Essentially, while we're broadcasting live from our new studios here, construction crews will be putting on a new roof, replacing the parking lot, and building rest rooms and replacing wiring.
Now we could have waited until everything was done before we moved to these amazing new studios. But that would have been another nine months to a year. No way. I'd rather do the traffic with the warm hum of a compressor in the background than broadcast another year in the old studios. Or how about interviewing a woman about her years of physical abuse through the rhythmic thud of a nail gun on the roof? Or trying to hear the governor on the phone through the soothing whine of a guy grinding drywall cracks?

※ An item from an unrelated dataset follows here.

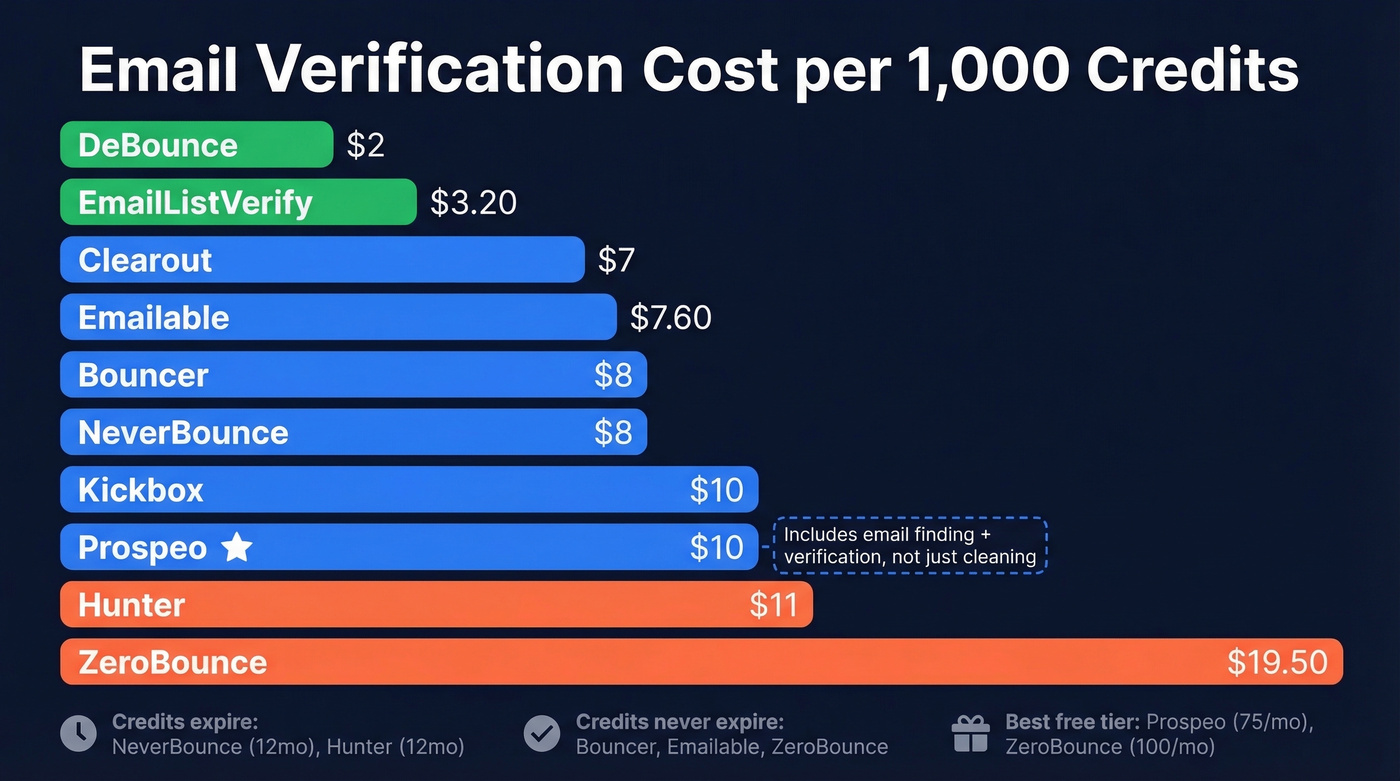 Email verification cost per 1K credits visual comparison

It'll be interesting, that's for sure. Kind of like this morning's show. For some reason, the caller Walt-MadMac-Granola Bob triumvirate don't think it's that big of a deal that the folks leasing the Indiana Toll Road are filing bankruptcy. I said on the radio eight years ago that the whole deal between our state and these folks from the Spanish-Austrailian consortium smelled bad.
That's a technical trading term. When a trade looks good from every angle but then something in your gut tells you it ain't quite right, then it smells bad. And that's how I felt and said so eight years ago when we leased the Toll Road and for some reason it smells pretty much the same to me eight years later. I hope the bonds get all straightened out and we can go 80 down the Toll Road for generations to come.
.... Jean Bowman from the Nazareth Home came on the show today and told about "Cocaine babies." What a horrificness. Babies fresh from the wound shaking, twisting through withdrawls. Then an hour after Jean left a Candace called in and said she adopted a "Cocaine-addicted" baby from Nazareth Home a few years ago and there is a lotta love goin on in her home. A good story line, good drama and radio. I just can't get the images out of my head of little babies writhing in receiving blankets, their bodies craving cocaine like nobody's business.
There is a lotta sadness, loneliness and pain out there, and sometimes you can feel it through the airwaves that you cannot see.